Where, as here, a party is proceeding pro se, the court is to liberally construe his pleadings. Casanova, 595 F.3d at 1125. "But the court [is] not [to] 'assume the role of advocate for the pro se litigant.'" Baker v. Holt, 498 F. App'x 770, 772 (10th Cir. 2012) (unpublished) (quoting Hall v. Bellmon, 935 F.2d 1106, 1110 (10th Cir.1991)). In other words, "[t]he broad reading of the plaintiff's complaint does not relieve the plaintiff of the burden of alleging sufficient facts on which a recognized legal claim could be based." Hall, 935 F.2d at 1110.
IV. ANALYSIS
A. PLAINTIFF'S MOTION TO AMEND
In simple terms, Plaintiff's Amended Complaint alleges that his incarceration for 53 days without ever being taken to court violated his constitutional rights, and he seeks to hold liable the arresting officer, the prosecutor, and the jailer in their official capacities, as well as the departments and municipal entities to which they belong. Because Plaintiff alleges that he was imprisoned without a court order and never prosecuted, the Court reads his allegations as giving rise to a Fourth Amendment false imprisonment claim and not a Fourteenth Amendment due process claim. Myers v. Koopman, 738 F.3d 1190, 1194, n. 3 (10th Cir. 2013) ("Unreasonable seizures imposed without legal process precipitate Fourth Amendment false imprisonment claims," whereas "[u]nreasonable seizures imposed with legal process precipitate Fourth Amendment malicious-prosecution claims," and may give rise to Fourteenth Amendment malicious prosecution claims where a state remedy is unavailable.); Chavez v.
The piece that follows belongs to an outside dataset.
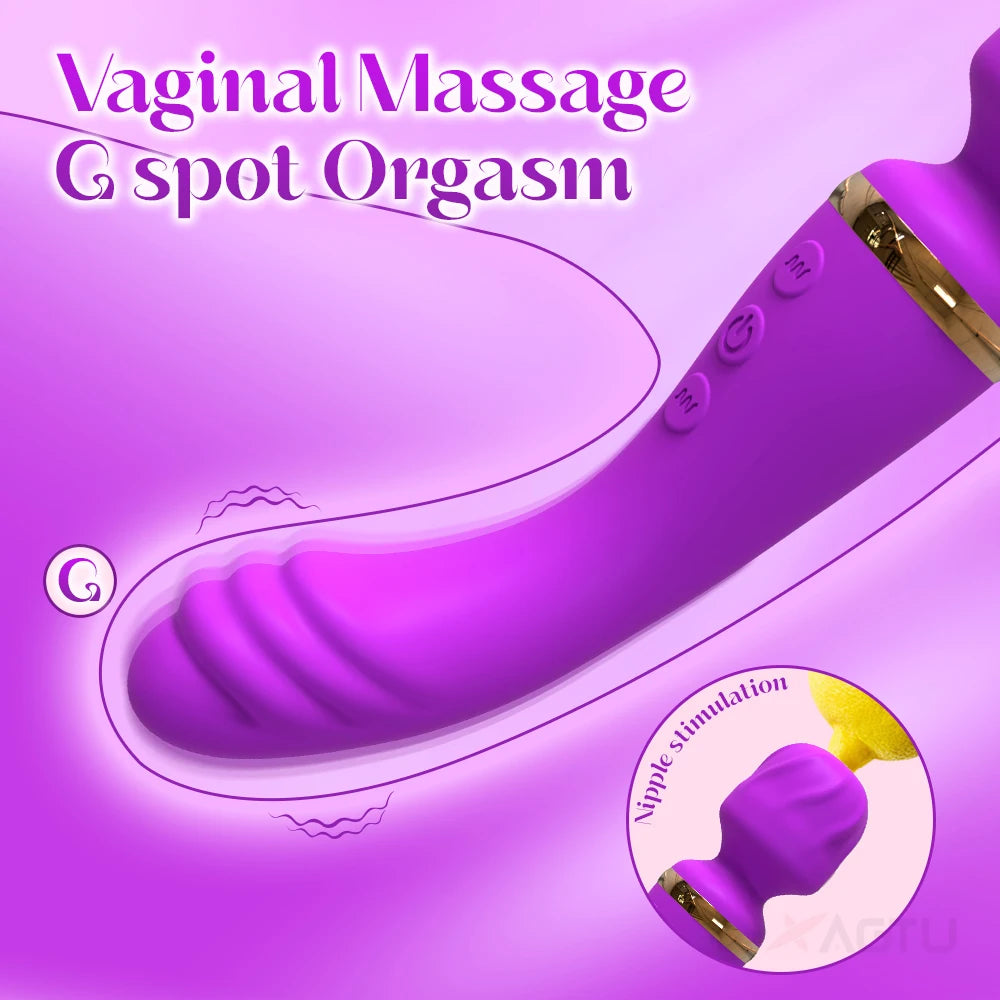 AV Vibrator G Spot Magic Wand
County of Bernalillo, 3 F.Supp.3d 936, 993 (D.N.M. 2014) (construing claims against jailer arising from detention pursuant to quashed bench warrant as false arrest and false imprisonment where plaintiff's arguments "rest[ed] on a lack of legal process, namely, a valid warrant."). Because Plaintiff's official capacity claims are redundant and he fails to state a claim against the City or County, the undersigned recommends that his Motion to Amend (doc. 25) be DENIED on futility grounds.
1. Plaintiff's Amended Complaint does not state a proper claim against Defendants Sennett, Rustin, Brandenberg, APD, or MDC.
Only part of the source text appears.